### RECORDS FOR PROCESSING
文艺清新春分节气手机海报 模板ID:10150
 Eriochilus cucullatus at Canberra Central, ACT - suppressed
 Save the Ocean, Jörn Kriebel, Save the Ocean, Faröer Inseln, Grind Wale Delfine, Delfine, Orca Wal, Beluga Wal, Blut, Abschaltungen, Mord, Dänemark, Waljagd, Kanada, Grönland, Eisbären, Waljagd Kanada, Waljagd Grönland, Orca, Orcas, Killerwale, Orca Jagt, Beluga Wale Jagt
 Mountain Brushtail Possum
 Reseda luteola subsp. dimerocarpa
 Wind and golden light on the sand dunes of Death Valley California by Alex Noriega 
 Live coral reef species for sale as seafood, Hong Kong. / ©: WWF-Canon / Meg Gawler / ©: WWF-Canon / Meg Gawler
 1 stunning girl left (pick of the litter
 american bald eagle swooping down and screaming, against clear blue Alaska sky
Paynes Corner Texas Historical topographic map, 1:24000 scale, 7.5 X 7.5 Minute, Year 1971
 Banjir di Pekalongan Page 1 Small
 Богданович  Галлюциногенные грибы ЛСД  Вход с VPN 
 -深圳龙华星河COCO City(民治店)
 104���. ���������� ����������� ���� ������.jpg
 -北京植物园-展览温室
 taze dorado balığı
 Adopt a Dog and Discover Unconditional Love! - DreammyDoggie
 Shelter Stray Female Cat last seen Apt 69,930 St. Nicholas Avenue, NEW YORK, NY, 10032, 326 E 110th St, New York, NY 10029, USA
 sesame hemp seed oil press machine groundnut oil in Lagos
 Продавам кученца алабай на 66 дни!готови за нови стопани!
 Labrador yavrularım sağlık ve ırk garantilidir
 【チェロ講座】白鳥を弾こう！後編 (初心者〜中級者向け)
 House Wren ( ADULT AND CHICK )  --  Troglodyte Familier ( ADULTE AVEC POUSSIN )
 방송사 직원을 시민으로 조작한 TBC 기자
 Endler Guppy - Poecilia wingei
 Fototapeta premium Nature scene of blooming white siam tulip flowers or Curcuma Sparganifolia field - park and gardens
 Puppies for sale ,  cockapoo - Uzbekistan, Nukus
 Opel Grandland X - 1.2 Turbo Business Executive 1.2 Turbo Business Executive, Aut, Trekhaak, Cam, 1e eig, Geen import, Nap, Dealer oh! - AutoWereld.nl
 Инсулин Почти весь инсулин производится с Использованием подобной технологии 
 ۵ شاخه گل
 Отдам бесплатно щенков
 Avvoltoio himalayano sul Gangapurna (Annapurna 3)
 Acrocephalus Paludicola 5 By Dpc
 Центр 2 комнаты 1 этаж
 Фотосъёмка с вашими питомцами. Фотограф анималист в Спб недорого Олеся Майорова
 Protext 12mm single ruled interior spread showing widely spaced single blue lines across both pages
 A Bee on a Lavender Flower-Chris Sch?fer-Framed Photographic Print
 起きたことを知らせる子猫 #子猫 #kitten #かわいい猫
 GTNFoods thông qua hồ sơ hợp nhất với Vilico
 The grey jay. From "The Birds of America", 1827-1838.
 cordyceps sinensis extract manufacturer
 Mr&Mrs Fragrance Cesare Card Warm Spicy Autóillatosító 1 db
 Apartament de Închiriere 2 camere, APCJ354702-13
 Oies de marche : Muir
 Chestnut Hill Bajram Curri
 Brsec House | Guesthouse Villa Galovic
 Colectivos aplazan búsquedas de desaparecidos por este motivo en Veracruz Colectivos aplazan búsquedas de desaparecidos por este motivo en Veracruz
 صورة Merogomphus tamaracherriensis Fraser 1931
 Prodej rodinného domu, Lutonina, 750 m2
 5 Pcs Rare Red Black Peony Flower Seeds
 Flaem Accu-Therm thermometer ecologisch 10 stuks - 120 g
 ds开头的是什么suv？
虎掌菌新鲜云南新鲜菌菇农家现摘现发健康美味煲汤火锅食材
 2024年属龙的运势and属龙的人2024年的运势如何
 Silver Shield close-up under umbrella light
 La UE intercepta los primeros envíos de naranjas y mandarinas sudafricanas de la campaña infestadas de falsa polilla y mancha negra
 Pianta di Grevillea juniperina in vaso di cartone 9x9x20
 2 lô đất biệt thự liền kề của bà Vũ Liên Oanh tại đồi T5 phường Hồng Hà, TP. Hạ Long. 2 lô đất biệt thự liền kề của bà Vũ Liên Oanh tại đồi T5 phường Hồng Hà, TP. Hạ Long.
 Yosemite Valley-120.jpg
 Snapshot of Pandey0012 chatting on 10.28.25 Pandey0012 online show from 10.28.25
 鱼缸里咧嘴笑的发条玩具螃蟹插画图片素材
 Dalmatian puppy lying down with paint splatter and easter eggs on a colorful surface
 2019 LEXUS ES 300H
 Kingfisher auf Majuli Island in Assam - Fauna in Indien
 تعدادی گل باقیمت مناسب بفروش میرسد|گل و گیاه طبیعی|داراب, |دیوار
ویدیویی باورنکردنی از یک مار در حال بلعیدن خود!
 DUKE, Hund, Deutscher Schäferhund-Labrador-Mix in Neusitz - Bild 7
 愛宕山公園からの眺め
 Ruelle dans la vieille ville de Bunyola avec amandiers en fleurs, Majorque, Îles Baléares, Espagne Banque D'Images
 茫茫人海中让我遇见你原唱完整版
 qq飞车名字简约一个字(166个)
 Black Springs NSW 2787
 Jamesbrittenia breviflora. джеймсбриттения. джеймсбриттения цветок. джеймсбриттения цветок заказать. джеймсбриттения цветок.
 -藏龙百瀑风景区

### REQUIRED WORK
Using the records above, restate word for word the lines from the one with "鱼缸里咧嘴笑的发条玩具螃蟹插画图片素材" through the one with "qq飞车名字简约一个字(166个)", both included.

### SOLUTION BELOW
 鱼缸里咧嘴笑的发条玩具螃蟹插画图片素材
 Dalmatian puppy lying down with paint splatter and easter eggs on a colorful surface
 2019 LEXUS ES 300H
 Kingfisher auf Majuli Island in Assam - Fauna in Indien
 تعدادی گل باقیمت مناسب بفروش میرسد|گل و گیاه طبیعی|داراب, |دیوار
ویدیویی باورنکردنی از یک مار در حال بلعیدن خود!
 DUKE, Hund, Deutscher Schäferhund-Labrador-Mix in Neusitz - Bild 7
 愛宕山公園からの眺め
 Ruelle dans la vieille ville de Bunyola avec amandiers en fleurs, Majorque, Îles Baléares, Espagne Banque D'Images
 茫茫人海中让我遇见你原唱完整版
 qq飞车名字简约一个字(166个)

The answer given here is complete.